Integrate with http server

package main

import (
	"io/ioutil"
	"net/http"

	"github.com/panjf2000/ants"
)

type Request struct {
	Param  []byte
	Result chan []byte
}

func main() {
	pool, _ := ants.NewPoolWithFunc(100, func(payload interface{}) {
		request, ok := payload.(*Request)
		if !ok {
			return
		}
		reverseParam := func(s []byte) []byte {
			for i, j := 0, len(s)-1; i < j; i, j = i+1, j-1 {
				s[i], s[j] = s[j], s[i]
			}
			return s
		}(request.Param)

		request.Result <- reverseParam
	})
	defer pool.Release()

	http.HandleFunc("/reverse", func(w http.ResponseWriter, r *http.Request) {
		param, err := ioutil.ReadAll(r.Body)
		if err != nil {
			http.Error(w, "request error", http.StatusInternalServerError)
		}
		defer r.Body.Close()

		request := &Request{Param: param, Result: make(chan []byte)}

		// Throttle the requests traffic with ants pool. This process is asynchronous and
		// you can receive a result from the channel defined outside.
		if err := pool.Serve(request); err != nil {
			http.Error(w, "throttle limit error", http.StatusInternalServerError)
		}

		w.Write(<-request.Result)
	})

	http.ListenAndServe(":8080", nil)
}

Submit tasks

Tasks can be submitted by calling ants.Submit(func())

ants.Submit(func(){})

Customize limited pool

ants also supports customizing the capacity of pool.
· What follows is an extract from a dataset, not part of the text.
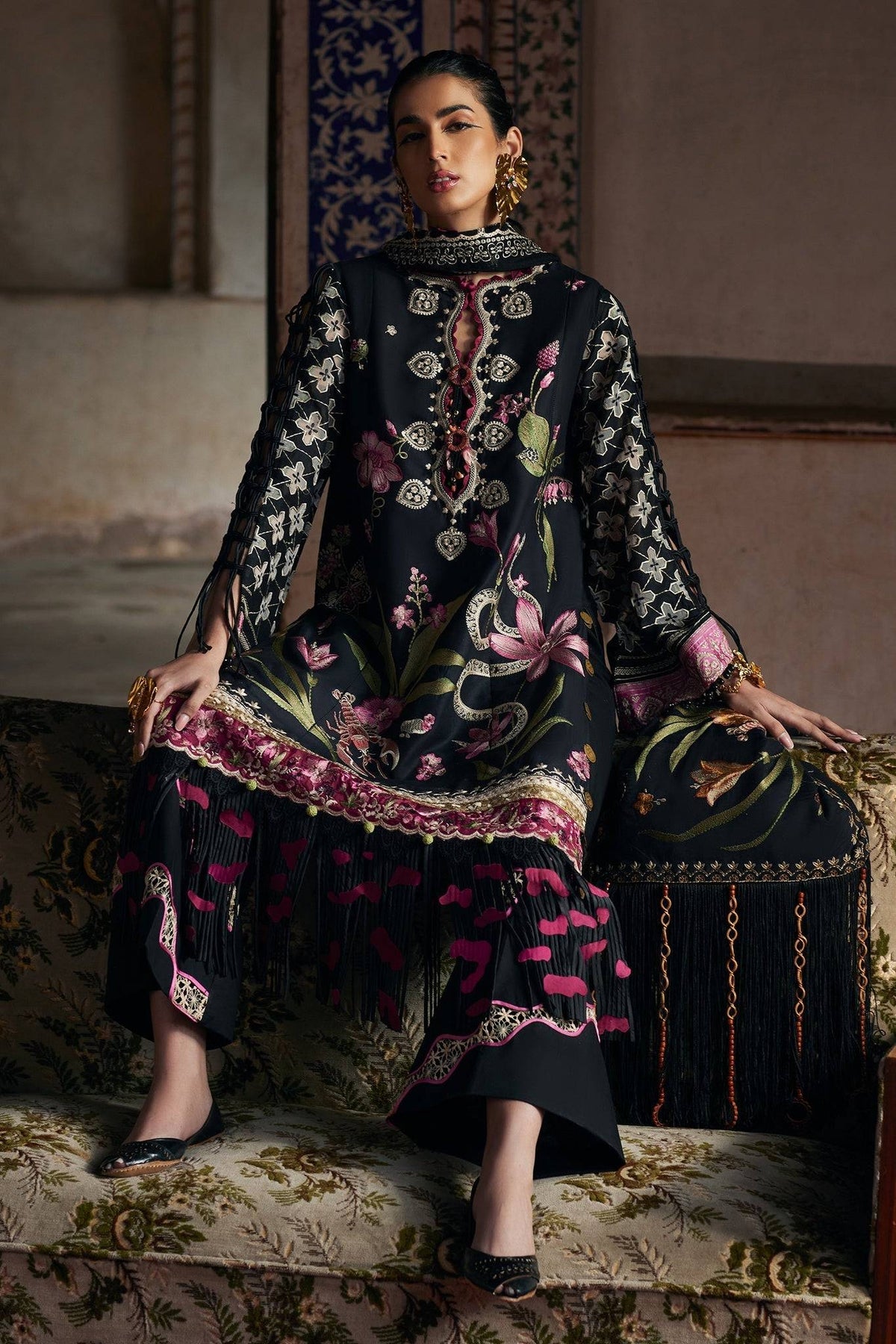 Elan | Luxury Lawn 25 | AZUREH (EL25-04 A) by Maria Faisal - Registered Vendor of : Elan - type : Ladies Clothes - 100% original wedding dresses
You can call the NewPool function to instantiate a pool with a given capacity, as following:

// Set 10000 the size of goroutine pool
p, _ := ants.NewPool(10000)
// Submit a task
p.Submit(func(){})

Tune pool capacity

You can tune the capacity of ants pool at any time with ReSize(int):

pool.ReSize(1000) // Tune its capacity to 1000
pool.ReSize(100000) // Tune its capacity to 100000

Don't worry about the synchronous problems in this case, the function here is thread-safe (or should be called goroutine-safe).

About sequence

All the tasks submitted to ants pool will not be guaranteed to be addressed in order, because those tasks scatter among a series of concurrent workers, thus those tasks are executed concurrently.

Benchmarks

OS : macOS High Sierra
Processor : 2.7 GHz Intel Core i5
Memory : 8 GB 1867 MHz DDR3

Go1.9

In that benchmark-picture, the first and second benchmarks performed test cases with 1M tasks and the rest of benchmarks performed test cases with 10M tasks, both in unlimited goroutines and ants pool, and the capacity of this ants goroutine-pool was limited to 50K.

  • BenchmarkGoroutine-4 represents the benchmarks with unlimited goroutines in golang.
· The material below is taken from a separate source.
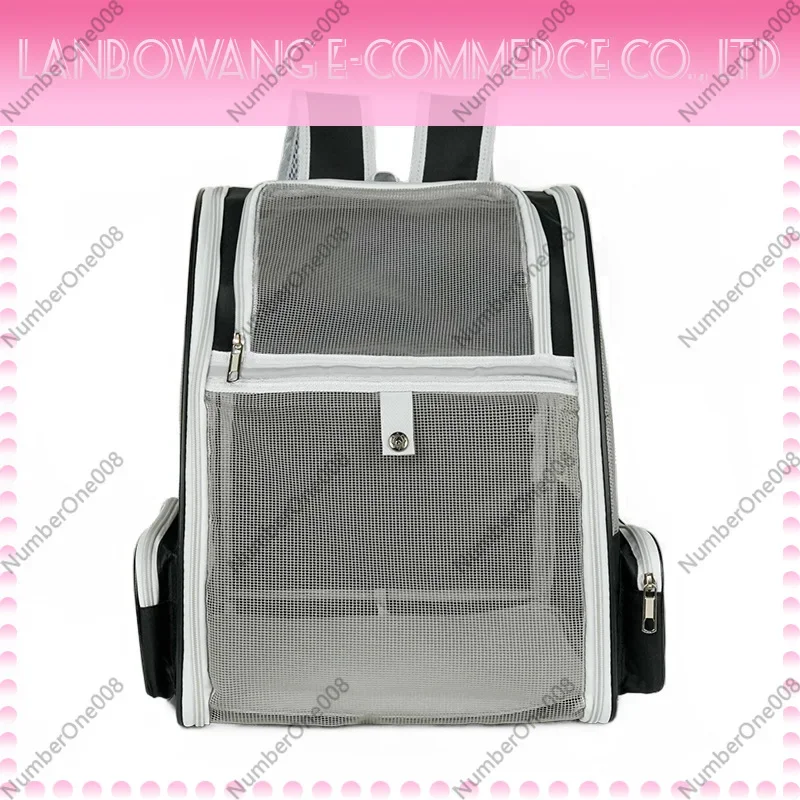 Mesh Breathable Foldable Pet Carrier, Cat Backpack for Outdoor Travel, Small Dog Portable Travel Bag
  • BenchmarkPoolGroutine-4 represents the benchmarks with a ants pool.

The test data above is a basic benchmark and more detailed benchmarks are about to be uploaded later.

Benchmarks with Pool

In above benchmark picture, the first and second benchmarks performed test cases with 1M tasks and the rest of benchmarks performed test cases with 10M tasks, both in unlimited goroutines and ants pool, and the capacity of this ants goroutine-pool was limited to 50K.
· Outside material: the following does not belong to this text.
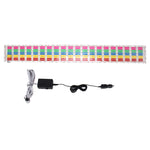 Equalizzatore adesivo per auto EL attivo musicale a 5 colori con caricatore per auto, dimensioni: 90 cm x 10 cm, 90 x 10cm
As you can see, ants can up to 2x faster than goroutines without pool (10M tasks) and it only consumes half the memory comparing with goroutines without pool. (both 1M and 10M tasks)

Benchmarks with PoolWithFunc

Throughput (it is suitable for scenarios where asynchronous tasks are submitted despite of the final results)

100K tasks

1M tasks

10M tasks

There was only the test case with ants pool because my program crashed when it reached 10M goroutines without using a pool.

In conclusion, ants can up to 2x~6x faster than goroutines without a pool and the memory consumption is reduced by 10 to 20 times.